Before the advent of ART, the Warnock report, and the 1990 Act, within the law the normative articulation between the nuclear family and the welfare of child had been enshrined. The various provisions were brought together in the Children Act 1989. In the Lord Chancellor’s consultation papers it is stated that:

The Children Act 1989 rests on the belief that children are generally best looked after within the family, with both parents playing a full part and without resort to legal proceedings. For most purposes the Act makes no distinction between married and unmarried parents, and it seeks to encourage both [biological] parents to continue to share in their children’s upbringing, even after separation or divorce. (Lord Chancellor's Department Consultation Paper 1998, § 42).

Under §3 (1) parental rights automatically befall the biological mother and the biological father within wedlock.
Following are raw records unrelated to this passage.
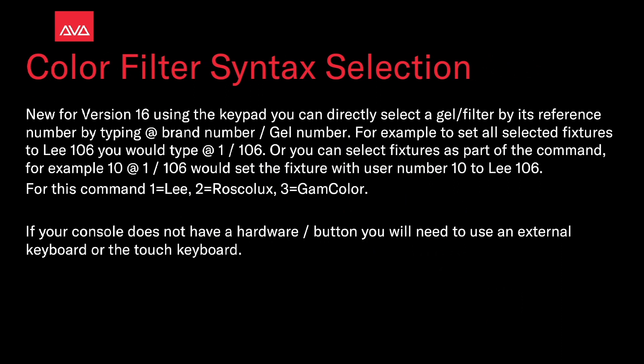For example you can set all selected fixtures to Lee 106 you would type at 1 slash 106, or you can select fixtures as part of the command. For example 10 at 1 slash 106 would set the fixtures with user number 10 to Lee 106.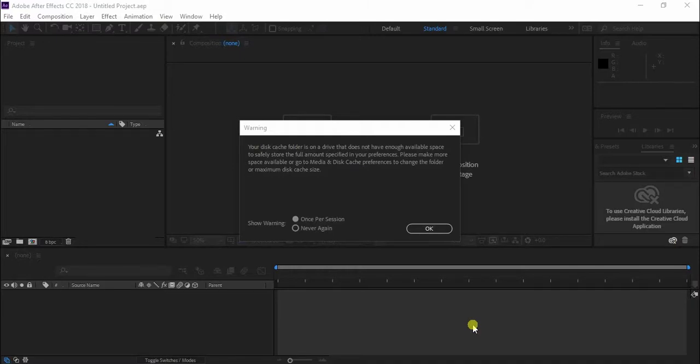In this video tutorial we will show you how to clear an After Effects disk cache.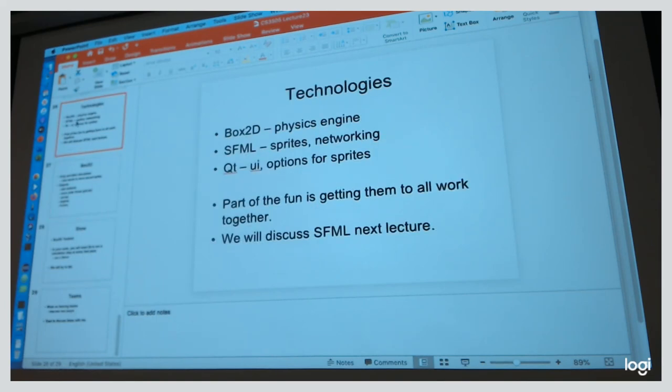SFML is something I'll talk about as a way to get more visuals on screen more easily.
Parental rights refer to all the rights, duties, powers, responsibilities, and authority which by law a parent of a child has in relation to the child and his property. “The Act does not attempt to list parental rights and duties which are recognised in law, as it was felt that these were bound to change at various stages in a child’s life to meet the different circumstances” (Wragg 1998, 29).
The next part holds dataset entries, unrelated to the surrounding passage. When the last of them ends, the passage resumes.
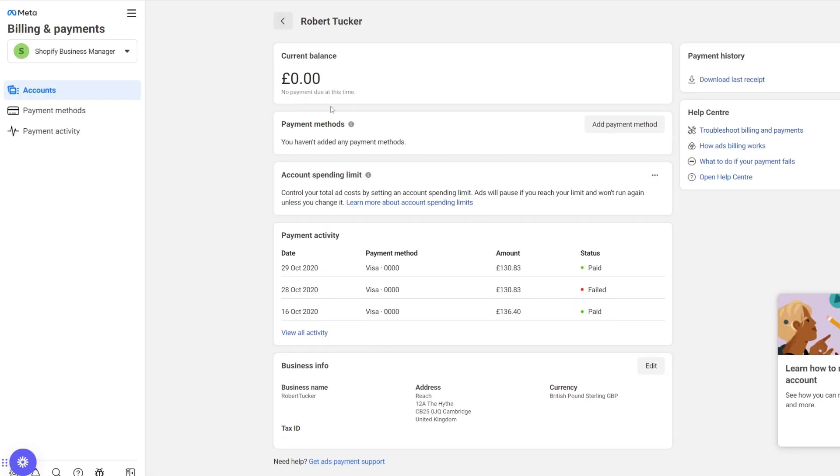I can then press Done, and as you can see, it now says you haven't added any payment methods, and then you can repeat that for your other ad accounts.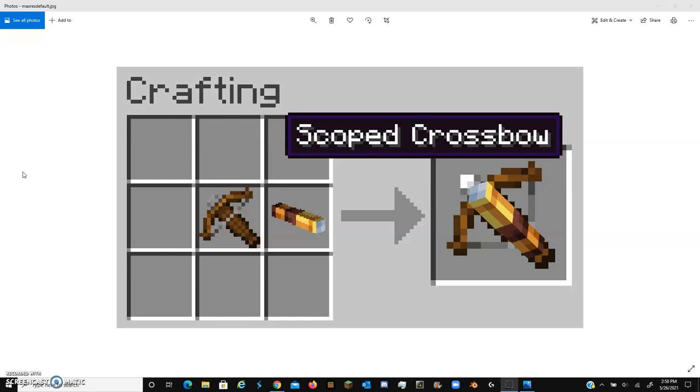Because right now, the smithing table only really is used for converting diamond into netherite. So if copper could be used in the smithing table with a honeycomb block,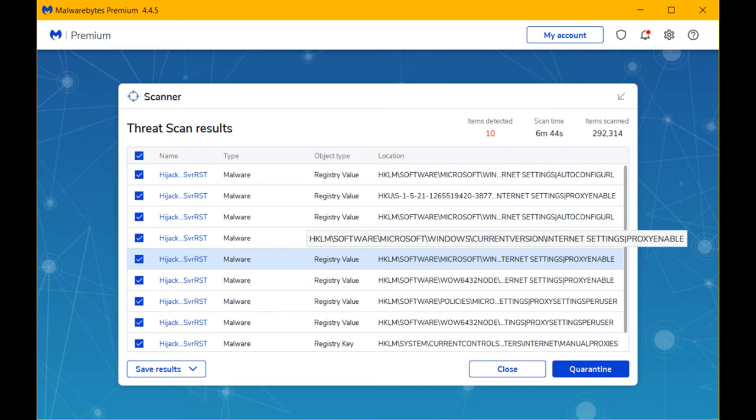Scheduled scans can also be seen on the scanner. You can go through other settings of Malwarebytes using the gear icon or My Account. You can add more devices to your current plan on requirement.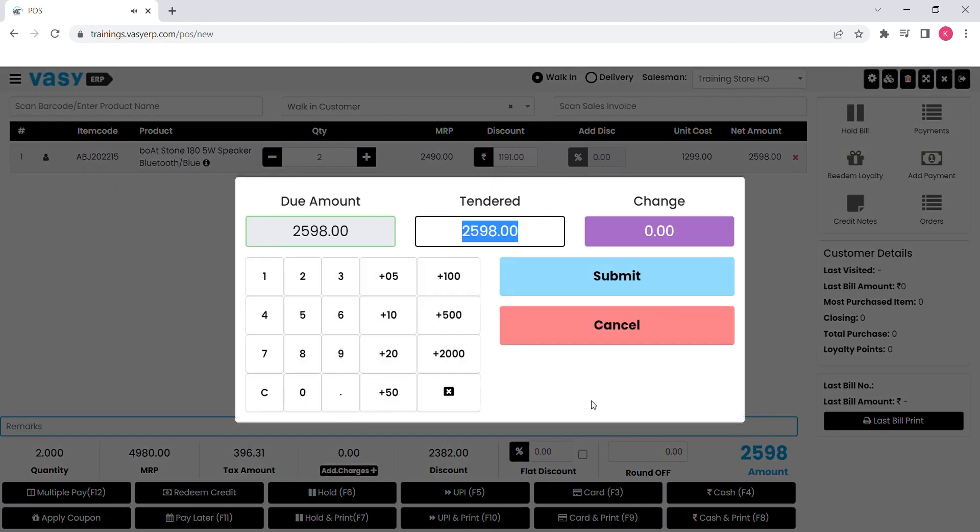You will get a screen to mention the tendered amount collected from the customer and it will automatically calculate how much amount you need to return to the customer. Your bill will not be printed unless entire bill amount is collected from the customer.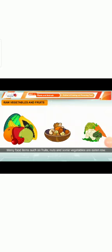Raw oils and fruits: many food items, such as fruits, nuts, and some vegetables are eaten raw. Salad, which contains raw vegetables, is really tasty and good.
A qualification has to be made since if the biological father is not married to the mother he is not automatically awarded parental rights. He can apply for legal and parental rights which will be granted to him since within this act legal and parental rights are synonymous with biological fatherhood/motherhood (Children Act 1989, § 2 and § 4; Borton and Douglas 1995, 49 and ch 3-5).

Due to the existence of this act Mr B can petition for joint parental rights with Mrs A. However Mr and Mrs A can seek to legally adopt the twins by resorting to the Adoption and Children act 2002, in which case Mr B would lose his legal rights.
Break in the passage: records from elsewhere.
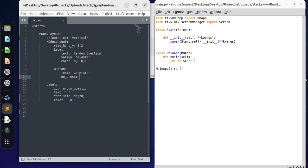Welcome everyone to another tutorial from Code Slice. In this tutorial we're going to be looking at something nice and simple - how do we generate random questions on the push of a button.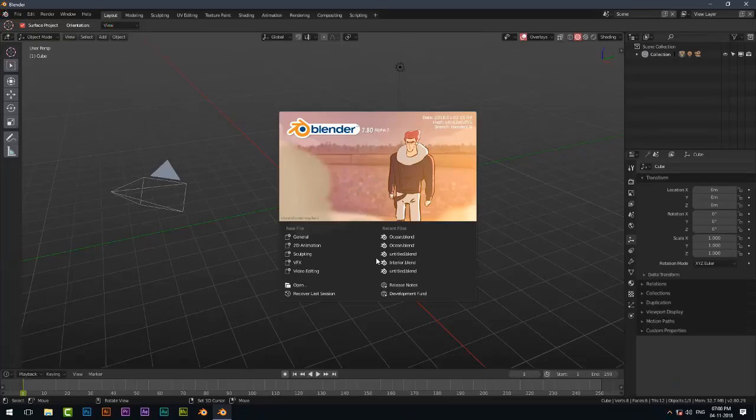Hello guys. Welcome to my another Blender tutorial. In this tutorial I am going to be showing you how to make a realistic wall paint material in Blender 2.8 EV. So let's get started.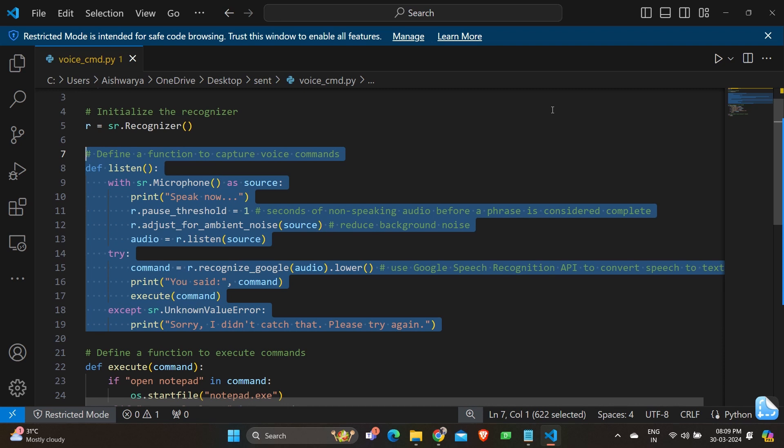And we have a try and except loop where command equals r.recognize Google audio dot lower. Here the captured audio data is sent to Google speech recognition API to be converted into text. The recognized speech is converted to lowercase by dot lower function to facilitate easier matching.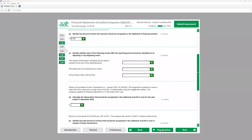Identifying whether events after the reporting period are adjusting or non-adjusting: receipt of information indicating that an asset is impaired at the end of the reporting period is an adjusting event — you must adjust your financial statements because otherwise users would have wrong information. Destruction of a warehouse by flood is non-adjusting — we just need to show a note on the financial statements. Announcing a major restructuring is also non-adjusting — we just need to disclose it.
All the emphasis that is put on biological affiliation, within both the Children Act 1989 and the 1990 Act, ignores the unforeseen consequences this can have with ART application in ‘mixed race situations’ as was inadvertently the case with couples A and B. Since there is strong similarity between both Acts, I will focus on the 1990 one.

‘Race’ and the 1990 Act.

As in all UK Statutes and laws, ‘race’ is not considered a valid category of social distinction in the 1990 Act. However ethnicity has led many to assert that ethnicity is the new term which envelopes the cultural component of race thinking (Gilroy 1999). Briefly, once there is an idea of monolithic ethnic groups with their incommensurable primordial cultures, which they pass on from generation to generation, ‘race’ thinking thrives. The other social positions that bind persons in the UK such as belonging to the same class, lifecycle, or occupational group are erroneously deemed of lesser significance.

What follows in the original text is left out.